JAMES HENRY, [in the Netherlands, 6 hours ahead of U.S. ET] jamesshelburnehenry at mac.com
Available for a limited number of interviews with major media, Henry is lead researcher for the report “The Price of Offshore Revisited” from the Tax Justice Network. Last year they estimated that total wealth in tax havens was between $21 trillion and $35 trillion dollars. He is currently in the Netherlands.

He said today: “Companies like Apple are fond of saying that they don’t break the law, but it’s an empty argument since they are largely responsible for what the law says, since big companies have such an influence over malleable tax law. And of course, slave owners made the same arguments in the 1850s, factory owners using child labor made the same arguments in the 1890s and sweatshop owners in Bangladesh made the same argument just last month.

“Apple stashes most of its global profits in Ireland, where a couple of thousand employees work. Meanwhile, hundreds of thousands of Chinese workers build iPads and such and virtually no taxes are paid there. Royalty payments regarding patents are funneled through the Netherlands, which grants an even lower tax rate than Ireland. Companies used to act this way towards states in the U.S., but the formulary apportionment system ended the worst abuses.

“We really need a Truth Commission on this whole large-corporate offshore tax arena. The fact is, Apple is just one of many manufacturers that are playing these games, using offshore loopholes to absolutely decimate corporate tax revenues. These practices really took off in the late 1990s, when the Clinton administration suddenly made it much easier to set up unlimited numbers of foreign entities that are allowed to enjoy all the benefits of tax treaties. As if they really were separate from their parent corporations, with substantive activities in the low-tax jurisdictions where they end up. So it is no accident that the share of corporate after tax income in GDP is at an all time high, while labor’s share, and real incomes, are shrinking. Combined with the right’s insistence on budget cuts and austerity, what we really have is an undeclared class war, pure and simple. And labor did not start it — it was started by the corporate elite.”

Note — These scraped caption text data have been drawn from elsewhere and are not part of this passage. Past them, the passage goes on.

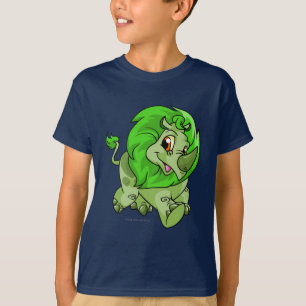 Tonu Green T-Shirt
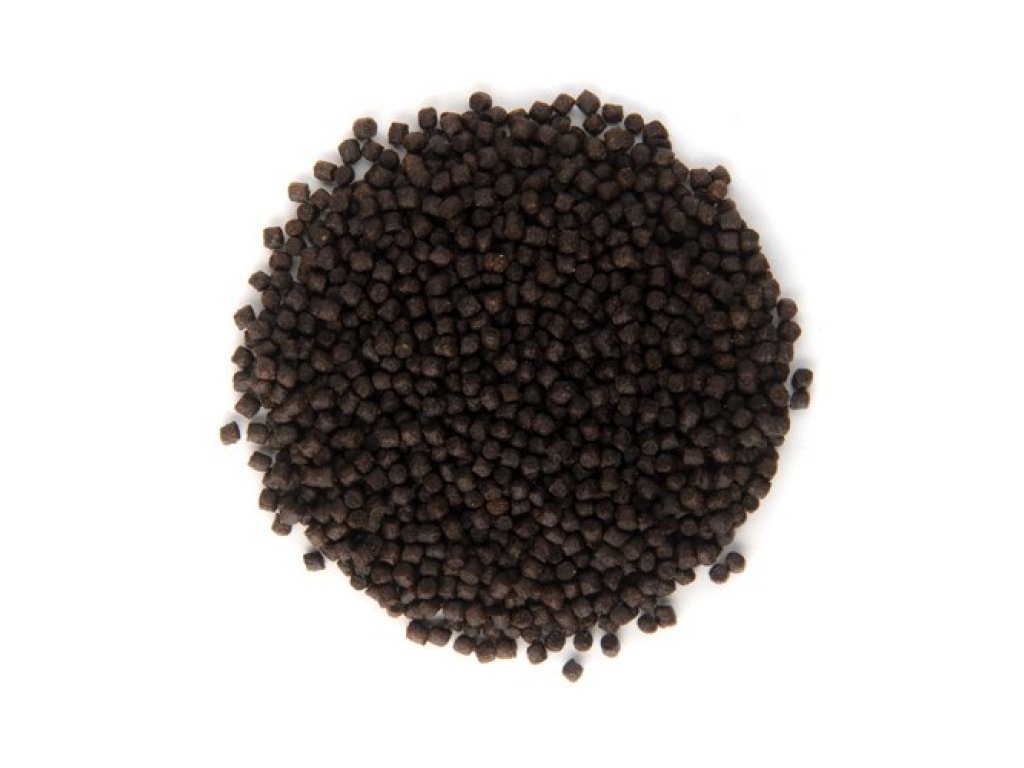 Krmivo pro Jesetery (25kg-4,5mm)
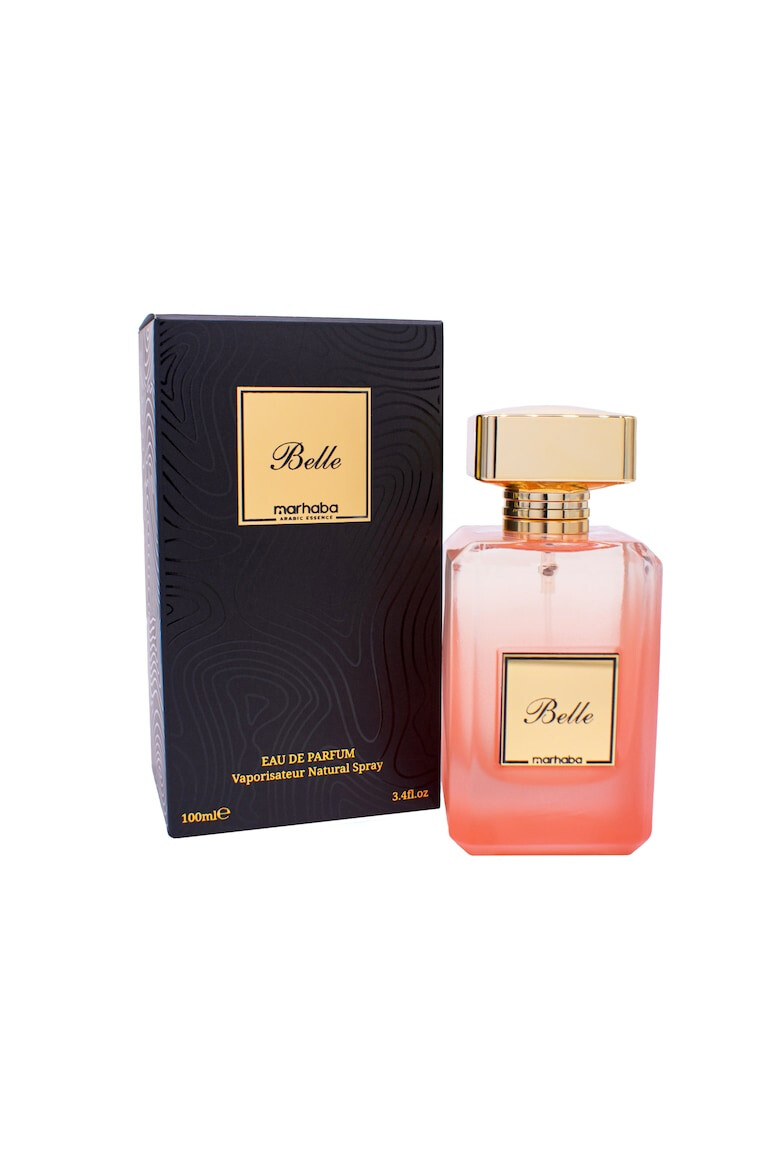 Marhaba Apa de parfum Belle Femei 100ml - Pled.ro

Henry was recently featured in “The Tax Free Tour” — a new in-depth look at global tax havens from Dutch Public TV that, among other things, answers the question: How does Apple only pay 1.9 percent on its overseas profits when the U.S. corporate tax rate is 35 percent — explaining tax avoision techniques like “double Irish with a Dutch sandwich.” Also, see taxodus.net — an online game about global tax dodging. Henry is former chief economist at the international consultancy firm McKinsey & Co.